··· Material for the task ···

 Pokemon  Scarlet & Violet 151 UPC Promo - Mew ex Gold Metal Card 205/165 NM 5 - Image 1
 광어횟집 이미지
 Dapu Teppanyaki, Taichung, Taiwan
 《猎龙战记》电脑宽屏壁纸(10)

···
··· Material for the task ···

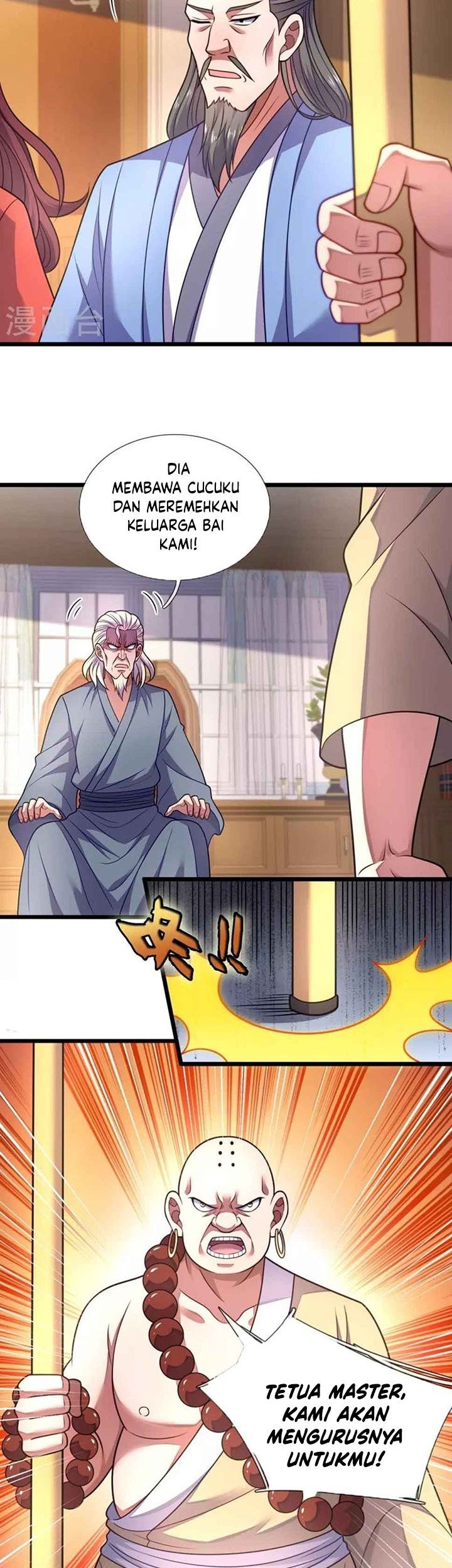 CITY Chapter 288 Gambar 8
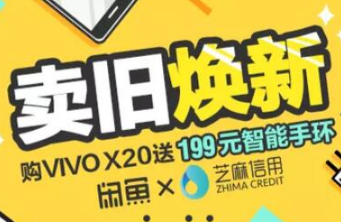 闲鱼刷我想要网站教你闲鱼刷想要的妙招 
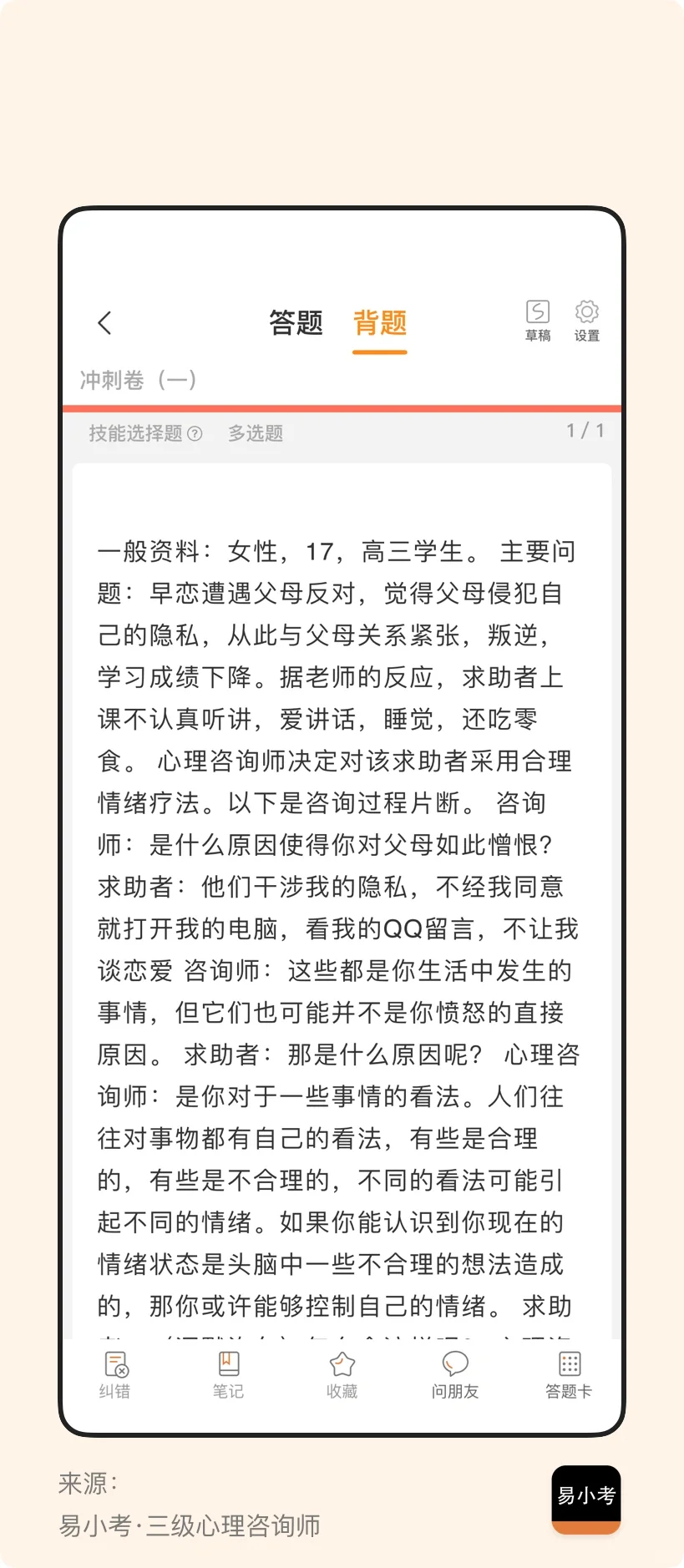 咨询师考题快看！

···
··· Material for the task ···

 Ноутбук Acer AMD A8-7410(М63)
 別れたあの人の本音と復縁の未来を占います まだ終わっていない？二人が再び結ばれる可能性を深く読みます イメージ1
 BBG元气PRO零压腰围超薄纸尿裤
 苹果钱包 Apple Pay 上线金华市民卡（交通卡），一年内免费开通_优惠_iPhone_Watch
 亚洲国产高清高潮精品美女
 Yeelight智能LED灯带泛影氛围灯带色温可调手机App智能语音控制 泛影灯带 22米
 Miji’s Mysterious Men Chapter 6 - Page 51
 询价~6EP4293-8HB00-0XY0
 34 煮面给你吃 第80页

···

• **Required work**
Look above for the line with "BBG元气PRO零压腰围超薄纸尿裤" and the line with "34 煮面给你吃 第80页", and reproduce exactly those two lines plus every line between, nothing more.

• **Expected output**
 BBG元气PRO零压腰围超薄纸尿裤
 苹果钱包 Apple Pay 上线金华市民卡（交通卡），一年内免费开通_优惠_iPhone_Watch
 亚洲国产高清高潮精品美女
 Yeelight智能LED灯带泛影氛围灯带色温可调手机App智能语音控制 泛影灯带 22米
 Miji’s Mysterious Men Chapter 6 - Page 51
 询价~6EP4293-8HB00-0XY0
 34 煮面给你吃 第80页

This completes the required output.